### Given data:
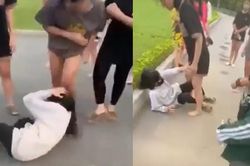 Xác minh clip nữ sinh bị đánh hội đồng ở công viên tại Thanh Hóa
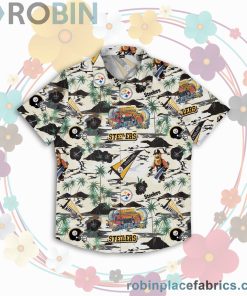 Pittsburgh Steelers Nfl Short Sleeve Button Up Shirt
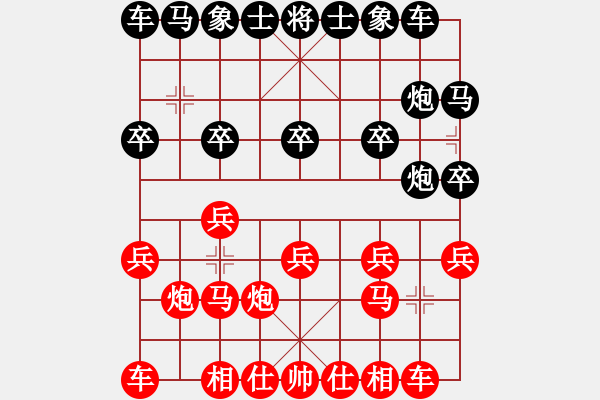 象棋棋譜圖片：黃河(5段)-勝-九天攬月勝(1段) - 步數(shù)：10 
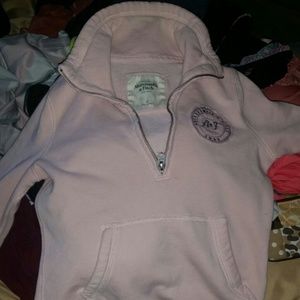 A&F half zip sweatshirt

### What is needed:
Please transcribe the lines from the one containing "Pittsburgh Steelers Nfl" to the last line of the listing, both included, exactly and with nothing added, leaving every picture out.

### Exercise answer:
 Pittsburgh Steelers Nfl Short Sleeve Button Up Shirt
 象棋棋譜圖片：黃河(5段)-勝-九天攬月勝(1段) - 步數(shù)：10 
 A&F half zip sweatshirt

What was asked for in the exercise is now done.